Child sexual abuse helpline sees surge in calls after lockdown restrictions eased

Child sexual abuse helpline sees surge in calls after lockdown restrictions eased

There has been a large surge in calls to a national child sexual abuse prevention helpline, figures have shown.

Between June and August – just after lockdown restrictions were eased – there was a 47% increase in the number of calls to the confidential Stop It Now! Helpline compared to the first three months of lockdown.

Donald Findlater, director of the Stop It Now! helpline, said: “This year has been like no other since the Stop It Now! helpline launched in 2002, and call numbers have never been higher. Covid-19 is causing huge changes to all our lives and increasing the risk of harm to some children.

“We’re getting more and more calls from parents and grandparents concerned about the sexual behaviour of their children or about the risk to them, online and offline. These are difficult issues to deal with, but families have a key role to play in protecting their children from harm, and in noticing concerning behaviours so they can respond quickly and wisely,” he added.

Through the Stop It Now! helpline, anonymous messaging service and website, the public and professionals can get advice and support for their concerns about child sexual abuse and its prevention.

The data shows helpline was contacted by more than 2760 people across the UK with worries about child sexual abuse. However, due to the high demand for services, the helpline missed 6,950 calls and more than 660 people called but were unable to get through. The helpline is now aiming to double capacity by recruiting more advisors to meet this sustained increase in demand.

At the start of lockdown, the helpline saw an 11% reduction in contact compared to the same time last year, as people dealt with extra pressures and a new way of living. But July 2020 was the busiest ever month on the Stop It Now! helpline and it took calls and emails from more than 800 people across the UK.

More than 530 adults, who were worried about another adult’s behaviour, contacted the helpline between June and August, an increase of 51% compared to the start of lockdown.

Calls from parents and carers worried about the behaviour of a child or young person increased even further – the helpline received double the amount of calls from this group (114) between June and August 2020 compared to March to May.

The rise in contact as lockdown restrictions eased is in line with warnings of an increased risk of child sexual abuse because of the coronavirus pandemic. Yet with coronavirus restrictions returning, there are concerns these issues will continue.

Police and charities have been extremely concerned about the increased risk to children during the near-global lockdown. As families spent more time at home, away from schools, health professionals and social workers, and with young people spending more time unsupervised offline and online, the risks are very real.

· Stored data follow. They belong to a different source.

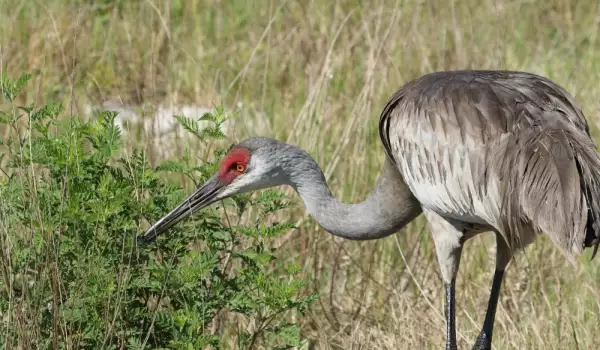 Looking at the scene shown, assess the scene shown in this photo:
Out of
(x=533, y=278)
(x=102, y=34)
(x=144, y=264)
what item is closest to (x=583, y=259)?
(x=533, y=278)

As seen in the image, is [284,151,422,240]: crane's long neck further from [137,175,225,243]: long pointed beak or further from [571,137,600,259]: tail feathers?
[571,137,600,259]: tail feathers

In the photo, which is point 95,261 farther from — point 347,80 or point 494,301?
point 347,80

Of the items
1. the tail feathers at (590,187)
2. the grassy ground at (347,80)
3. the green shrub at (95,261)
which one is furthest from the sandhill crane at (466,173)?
the grassy ground at (347,80)

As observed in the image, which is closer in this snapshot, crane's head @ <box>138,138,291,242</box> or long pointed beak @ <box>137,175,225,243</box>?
long pointed beak @ <box>137,175,225,243</box>

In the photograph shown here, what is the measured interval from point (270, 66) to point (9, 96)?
158 inches

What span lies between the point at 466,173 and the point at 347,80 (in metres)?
2.98

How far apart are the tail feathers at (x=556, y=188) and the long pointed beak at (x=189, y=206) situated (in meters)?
1.33

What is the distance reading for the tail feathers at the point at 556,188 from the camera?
4262 mm

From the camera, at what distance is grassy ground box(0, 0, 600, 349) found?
5617mm

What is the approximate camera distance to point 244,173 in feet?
16.9

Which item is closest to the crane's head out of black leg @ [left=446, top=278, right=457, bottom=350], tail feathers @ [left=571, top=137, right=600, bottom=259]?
black leg @ [left=446, top=278, right=457, bottom=350]

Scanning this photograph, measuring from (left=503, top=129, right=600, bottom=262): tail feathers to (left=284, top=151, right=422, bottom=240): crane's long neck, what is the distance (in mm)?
710

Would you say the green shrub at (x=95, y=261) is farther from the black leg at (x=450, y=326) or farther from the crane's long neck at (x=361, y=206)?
the black leg at (x=450, y=326)

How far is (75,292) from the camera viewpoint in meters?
4.25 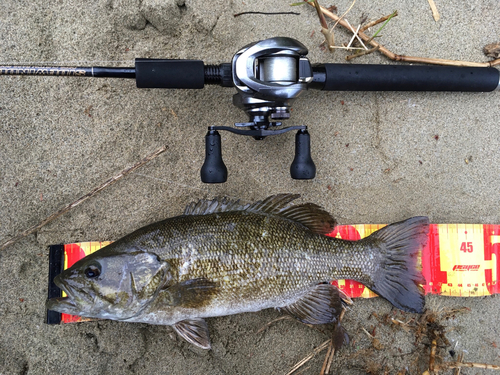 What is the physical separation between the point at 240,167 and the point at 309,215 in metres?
0.66

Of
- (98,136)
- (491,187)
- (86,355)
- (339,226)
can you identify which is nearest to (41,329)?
(86,355)

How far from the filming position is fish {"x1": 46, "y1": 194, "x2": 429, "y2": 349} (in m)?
2.09

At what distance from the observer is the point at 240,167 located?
2.65 m

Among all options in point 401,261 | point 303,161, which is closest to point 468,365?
point 401,261

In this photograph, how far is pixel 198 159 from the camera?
2.62 meters

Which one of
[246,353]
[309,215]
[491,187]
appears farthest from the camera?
[491,187]

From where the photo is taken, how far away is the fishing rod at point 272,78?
195 centimetres

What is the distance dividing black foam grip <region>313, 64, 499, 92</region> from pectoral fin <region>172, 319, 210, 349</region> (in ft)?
6.05

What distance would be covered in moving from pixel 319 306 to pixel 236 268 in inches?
25.9

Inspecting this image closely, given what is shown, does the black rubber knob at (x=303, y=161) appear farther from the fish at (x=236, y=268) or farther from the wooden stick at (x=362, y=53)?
the wooden stick at (x=362, y=53)

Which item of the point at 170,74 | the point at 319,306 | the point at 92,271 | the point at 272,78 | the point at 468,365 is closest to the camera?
the point at 272,78

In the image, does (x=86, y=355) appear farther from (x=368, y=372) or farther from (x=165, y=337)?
(x=368, y=372)

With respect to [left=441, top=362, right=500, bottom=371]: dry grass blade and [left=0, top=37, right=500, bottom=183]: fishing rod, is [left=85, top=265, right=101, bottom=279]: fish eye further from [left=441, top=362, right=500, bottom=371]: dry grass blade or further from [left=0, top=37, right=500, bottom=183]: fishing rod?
[left=441, top=362, right=500, bottom=371]: dry grass blade

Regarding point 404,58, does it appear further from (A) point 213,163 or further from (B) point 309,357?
(B) point 309,357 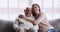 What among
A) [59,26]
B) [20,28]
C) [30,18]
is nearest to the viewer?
[20,28]

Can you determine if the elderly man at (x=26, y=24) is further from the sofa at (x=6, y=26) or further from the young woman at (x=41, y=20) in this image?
the sofa at (x=6, y=26)

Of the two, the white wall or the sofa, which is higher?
the white wall

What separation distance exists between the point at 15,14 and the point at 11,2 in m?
0.27

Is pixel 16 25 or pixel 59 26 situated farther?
pixel 59 26

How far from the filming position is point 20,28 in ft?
7.66

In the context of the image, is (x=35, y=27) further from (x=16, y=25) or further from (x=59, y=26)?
(x=59, y=26)

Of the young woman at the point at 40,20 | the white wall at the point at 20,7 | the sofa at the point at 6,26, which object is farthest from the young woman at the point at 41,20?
the sofa at the point at 6,26

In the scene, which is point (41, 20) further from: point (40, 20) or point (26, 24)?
point (26, 24)

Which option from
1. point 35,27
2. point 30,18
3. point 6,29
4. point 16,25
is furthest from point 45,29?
point 6,29

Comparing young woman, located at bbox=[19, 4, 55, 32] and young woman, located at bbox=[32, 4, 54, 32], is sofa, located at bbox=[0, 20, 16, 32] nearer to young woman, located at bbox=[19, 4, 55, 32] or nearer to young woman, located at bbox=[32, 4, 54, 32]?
young woman, located at bbox=[19, 4, 55, 32]

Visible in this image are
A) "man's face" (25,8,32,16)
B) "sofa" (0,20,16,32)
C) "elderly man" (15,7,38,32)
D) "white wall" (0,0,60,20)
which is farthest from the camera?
"white wall" (0,0,60,20)

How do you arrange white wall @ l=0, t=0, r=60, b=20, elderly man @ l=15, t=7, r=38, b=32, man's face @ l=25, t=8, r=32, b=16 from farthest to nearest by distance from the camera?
1. white wall @ l=0, t=0, r=60, b=20
2. man's face @ l=25, t=8, r=32, b=16
3. elderly man @ l=15, t=7, r=38, b=32

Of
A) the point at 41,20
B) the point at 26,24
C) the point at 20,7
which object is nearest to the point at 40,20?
the point at 41,20

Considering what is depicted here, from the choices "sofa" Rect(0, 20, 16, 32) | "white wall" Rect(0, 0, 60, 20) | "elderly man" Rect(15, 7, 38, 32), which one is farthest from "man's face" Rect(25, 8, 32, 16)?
"sofa" Rect(0, 20, 16, 32) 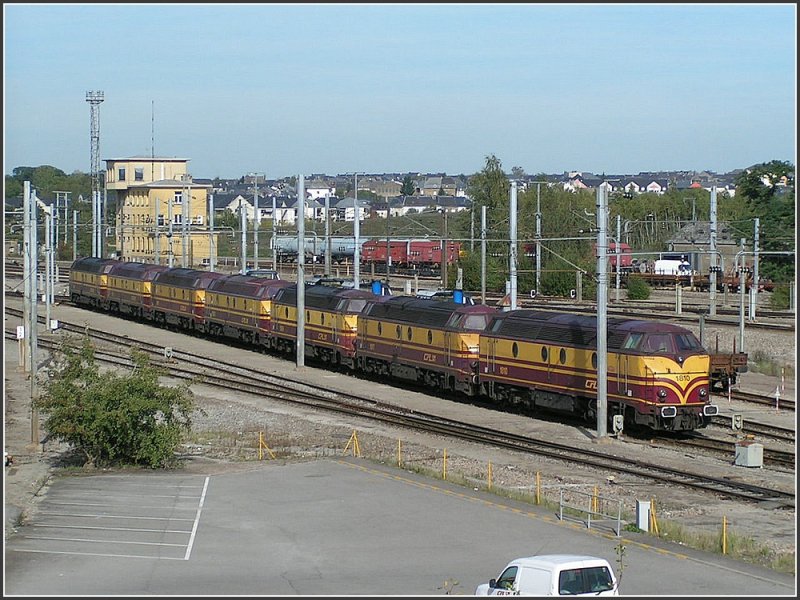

Donald Findlater, director of the Stop It Now! helpline, said: “With backgrounds in health, counselling, education, social work and psychology, our experienced advisors are on hand to give confidential advice and support to help parents and carers decide on next steps to keep their children safe.

“Demand for the helpline continues to grow, so we are recruiting more advisors to double our capacity. We’ve also just introduced a live online chat service, because we know that some people prefer to get advice, help or support by that way rather than over the phone.

“We aren’t trying to create a drama out of a crisis, but trying to avert one, by ensuring children are as safe as possible. Parents are the first line of defence for their children and deserve all the support they can get,” he concluded.

The Stop It Now! helpline opened in 2002 and is run by The Lucy Faithfull Foundation, the only UK-wide child protection charity dedicated solely to preventing child sexual abuse. Since then, more than 51,000 people have contacted the helpline for support with all aspects of child sexual abuse prevention offline and online, including nearly 6,000 people in the last year.